Width of cutwork detail, six inches.

[Plate X.]An Embroidered Sampler.—The work is carried out in coloured silks in minute cross-stitch and occasional rows of satin stitch, upon a ground of fine single-thread canvas. It is dated 1798, and was worked by Alice Knight, the author's great-grandmother. The birds, trees, and flowers, the charming little border patterns, and the comical cats standing on either hillocks or housetops, are all characteristic of sampler work. Working the sampler was once the regular introduction to mending, marking, and embroidery, and one was done by almost every XVIIIth century child as a part of education, indeed the practice of working samplers was continued some decades into the XIXth century.
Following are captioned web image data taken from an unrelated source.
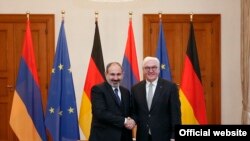 Премьер-министр Армении Никол Пашинян (слева) и президент Германии Франк-Вальтер Штайнмайер, Берлин, 1 февраля 2019 г.
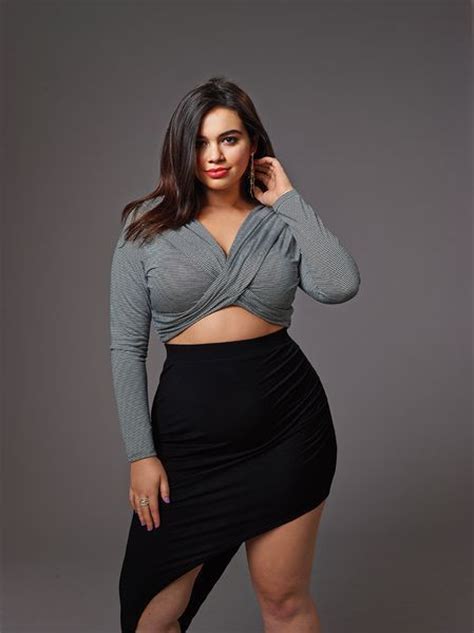 5 Ways To Be Sexy As A Plus Size Girl At Christmas Parties
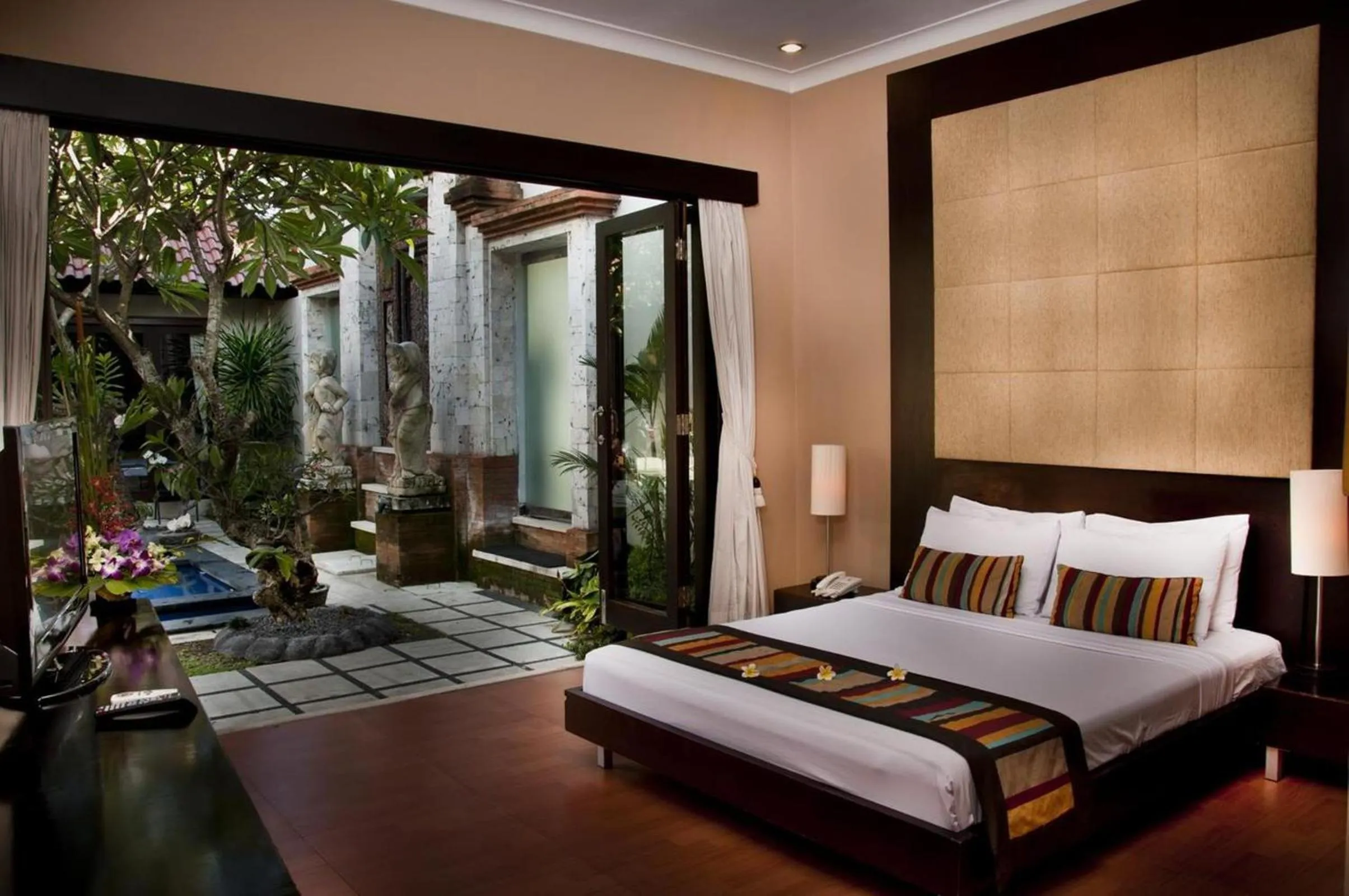 Deluxe Room with Pool View in Sindhu Mertha Suite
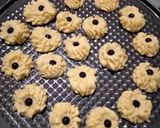 Foto langkah ke 4 dari resep Kue Semprit.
Actual size of original, eighteen inches by twelve.

[Plate XI.]An Example of Persian Embroidery.—Formerly in the collection of Lord Leighton, and now in that of the London County Council's Central School of Arts and Crafts. The embroidery is carried out almost entirely in chain stitch with brilliantly coloured silks, upon a fine semi-transparent ground. The flowers that appear dark in the reproduction are worked in a bright rosy red, others are yellow and orange, and the leaves are in pale grey green outlined with a dark myrtle shade of the same.

Size of panel, about five feet by four.

[Plate XII.]A Detail from an Embroidered Tablecloth.—The entire surface of this fine white linen cloth is strewn with a profusion of beautiful flowers, worked in floss silk in bright colours. The flowers were all drawn directly from nature by the worker, Mrs. W. R. Lethaby.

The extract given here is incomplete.